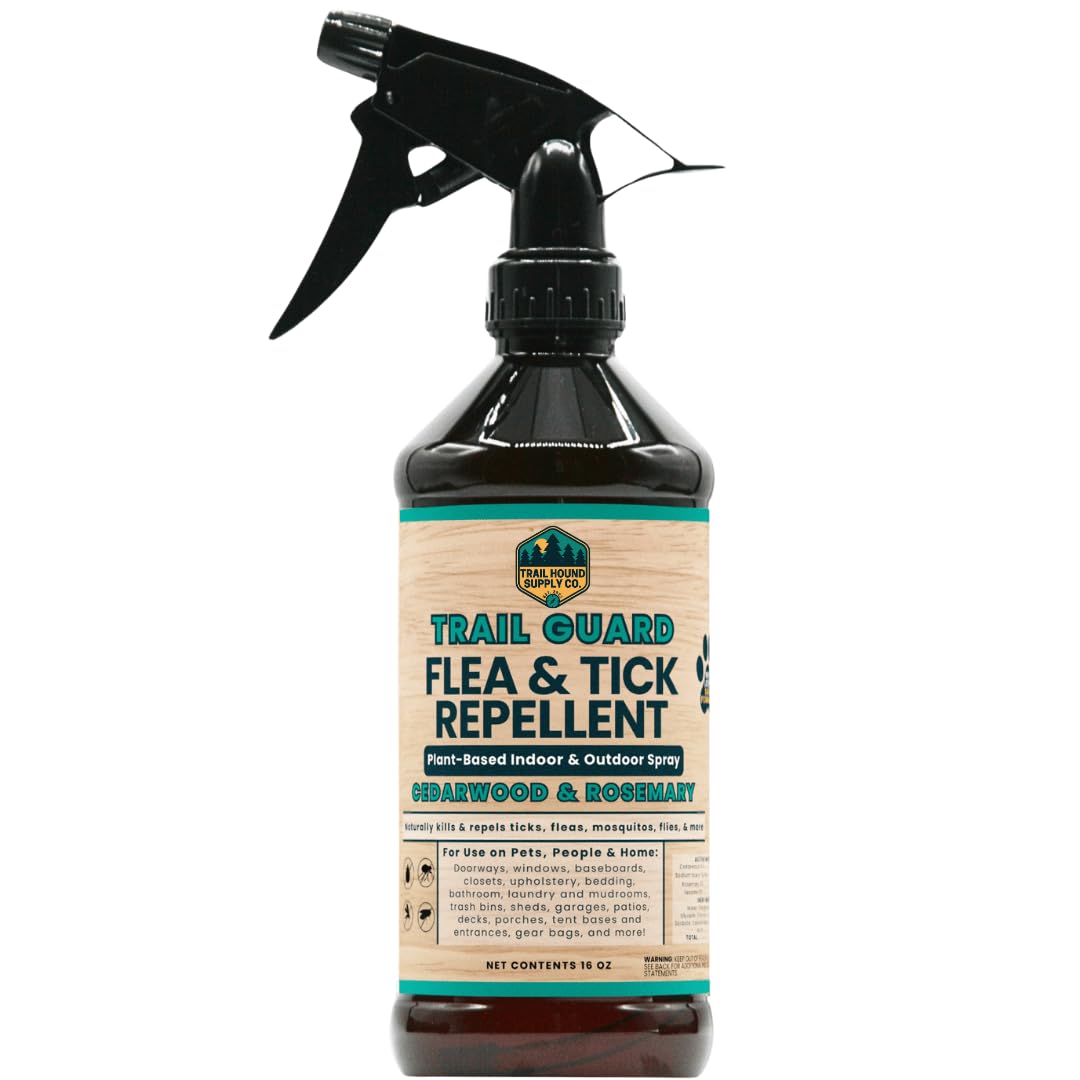 Indoor pest control with Trail Guard covers ants, roaches, and spiders.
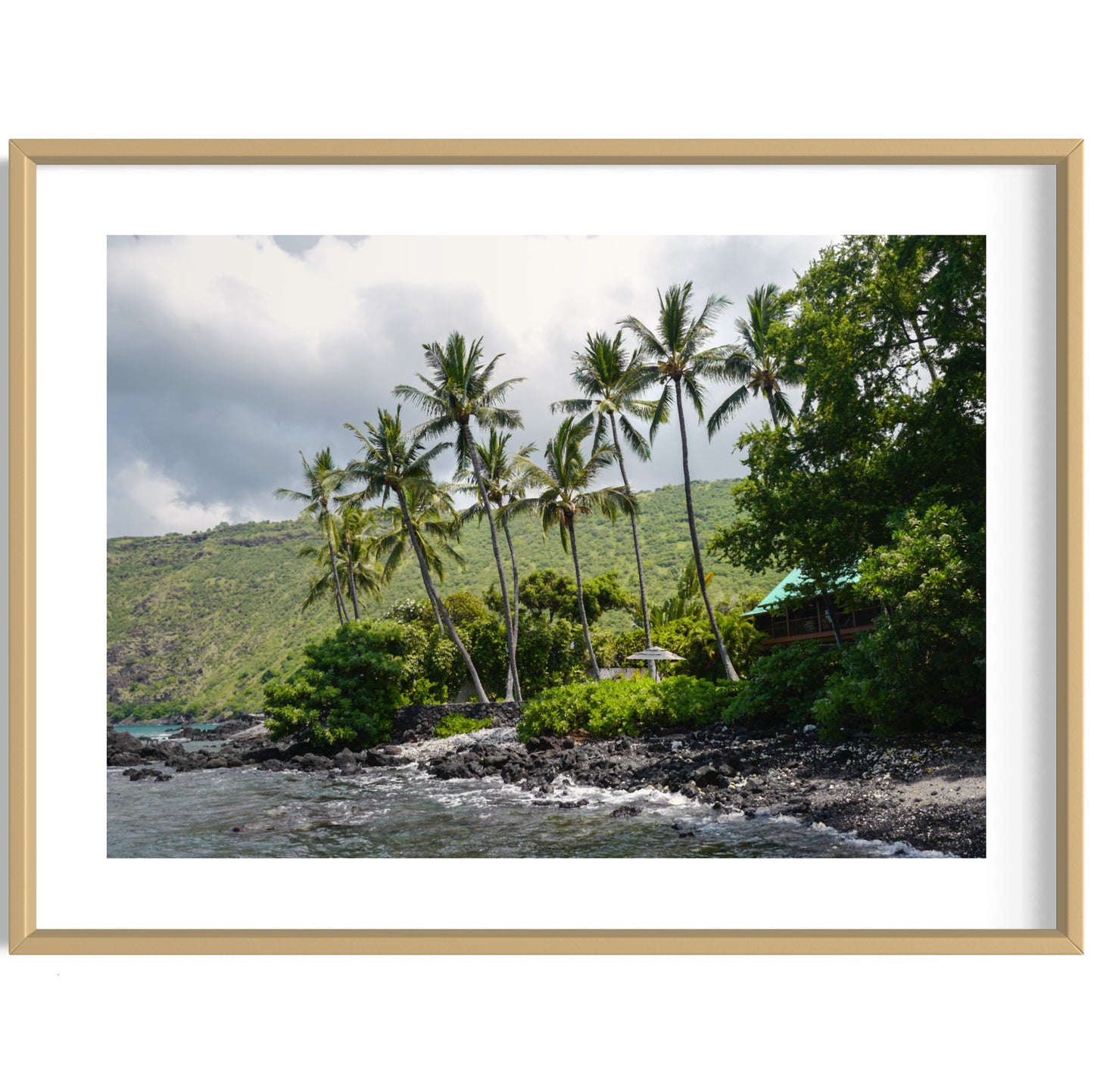 Kealakekua Bay - Wall of Venus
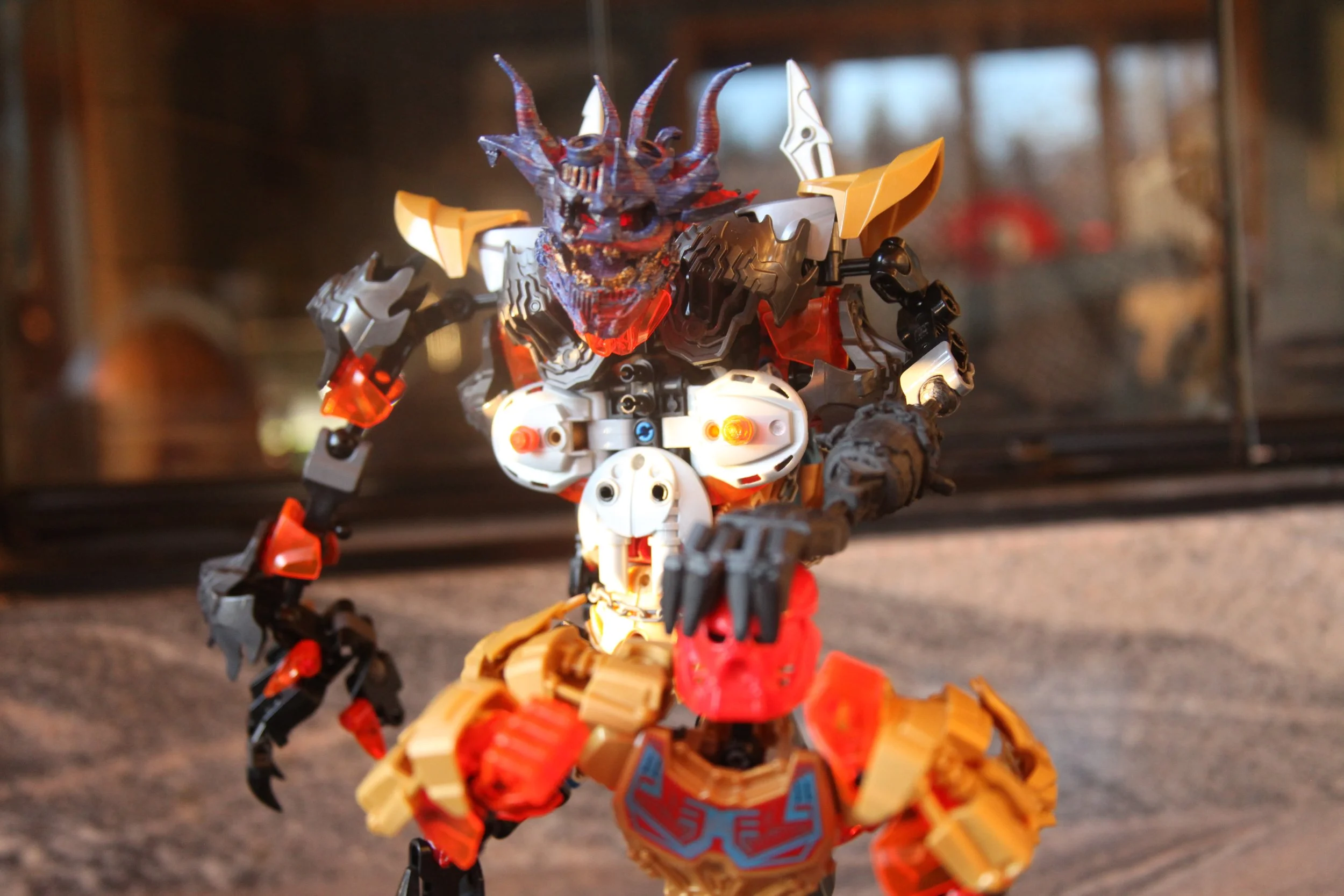  Karzahni:”Because I always win!” 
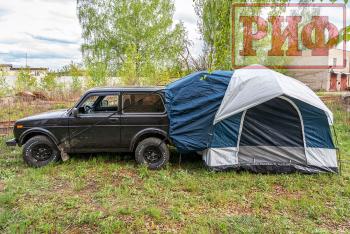 31 489 р. Тент-тамбур 250x250x250 (6м2) РИФ rifan062525600w  с доставкой в г. Пермь. Увеличить фотографию 20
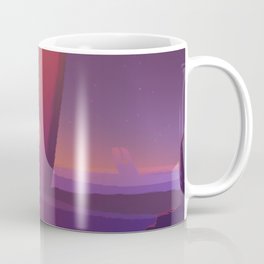 PHAZED PixelArt 7 Coffee Mug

----

Reproduce the data exactly, please, and omit its pictures.

 Indoor pest control with Trail Guard covers ants, roaches, and spiders.
 Kealakekua Bay - Wall of Venus
  Karzahni:”Because I always win!” 
 31 489 р. Тент-тамбур 250x250x250 (6м2) РИФ rifan062525600w  с доставкой в г. Пермь. Увеличить фотографию 20
 PHAZED PixelArt 7 Coffee Mug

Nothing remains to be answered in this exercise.